After that interception, Beathard completed a screen to Hurd, was would-be sacked by Kentavius Street on a completion to Marquise Goodwin (one of his two catches on the day), overthrow tight end Ross Dwelley, hit Richie James Jr. on back-to-back plays, hit Shawn Poindexter, had an incompletion with good coverage, was the victim of a Poindexter drop, and then completed a final short pass on a big yards-after-catch play from running back Kevin Walter.
Nick Mullens: 19 snaps, 11-for-13, 1 TD
He started off with a screen pass to Raheem Mostert before connecting with Pettis over the middle, then Poindexter and Goodwin, before he threw his first incompletion behind Deebo Samuel. He hooked up with Samuel over the middle despite good coverage from Greg Mabin, went to Mostert on a short pass, dumped it to Dwelley and had a deep connection to Levin Toilolo on a nice play covered poorly by Emmanuel Moseley. That saw Mullens get another set of reps for what accumulated to 12-straight snaps.
Shanahan said he wanted to keep that momentum and that Mullens and that third group earned it.
“It was nice, they kept moving the chains and when they did that, wanted to give him more reps and let him go on a longer drive,” Mullens said. “Especially, those guys play the majority of the game in this first preseason game. I wasn’t going to do it if they didn’t earn it, but they kept getting first downs, so we kept him out there and they got more reps because of it.”
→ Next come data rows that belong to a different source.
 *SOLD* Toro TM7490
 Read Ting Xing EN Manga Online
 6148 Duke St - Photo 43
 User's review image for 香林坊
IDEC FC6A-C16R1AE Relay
That set of eight-straight plays after a re-set at the 25-yard line following the completion to Toilolo was excellent by Mullens. He completed a first down to Kaden Smith, then Deebo Samuel, who embarrassed Marcell Harris with a fantastic route, then hit Samuel for a touchdown over Tim Harris Jr. His final pass, intended for Jalen Hurd, was nearly jumped by Mabin, but Hurd ended up catching the pass with his feet out of bounds.
The Nick Bosa hour
Bosa looked fantastic on Sunday. He forced a fumble on Tevin Coleman which Moseley returned for a touchdown, had a would-be sack on Garoppolo, nearly got to Garoppolo on one of his completions to Taylor, beating Mike McGlinchey well, and created pressure again on two of the next eight reps versus Garoppolo.
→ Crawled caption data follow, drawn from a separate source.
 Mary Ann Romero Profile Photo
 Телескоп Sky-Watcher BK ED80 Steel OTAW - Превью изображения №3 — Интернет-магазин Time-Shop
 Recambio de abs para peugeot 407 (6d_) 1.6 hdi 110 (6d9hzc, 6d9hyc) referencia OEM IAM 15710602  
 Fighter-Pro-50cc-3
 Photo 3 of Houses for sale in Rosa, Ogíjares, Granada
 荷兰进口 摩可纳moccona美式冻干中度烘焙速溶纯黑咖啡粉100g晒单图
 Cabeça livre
It was initially unclear whether that forced fumble came from Bosa, but Shanahan confirmed after practice it was the case, breaking down what happened:
“That was the one I felt the offense had finally worn the defense down and the offense was starting to get some momentum. I think we ran it about five plays in a row and you could see the defense was tired and it was the first time in practice the momentum changed. That’s what was really cool to see that you can tell when the momentum changes and you’ve got them, you knew they knew it, but someone’s got to step up and make a play. He came from the backside and it looked, obviously Tevin didn’t see him and didn’t protect the ball well, he poked it out and I think it was Moseley who got a scoop and score. It was a hell of a play at a very important time.
Shanahan said the team upped Bosa’s workload, having him take 16 snaps in Sunday’s 71-snap (including the field goal unit – no kick was actually taken) practice.
“I thought he did well,” Shanahan said. “I think he’s had 12 [snaps] the last couple of days, but he’s been very effective in the reps he’s gotten. He seems to me like he’s out there a lot, because I really don’t, I’m always looking down the field, so I don’t notice those guys so they flash, so I felt like he was out there every play yesterday… today we upped it and he still showed up a lot, which means he’s getting in some good football shape and getting healthy.”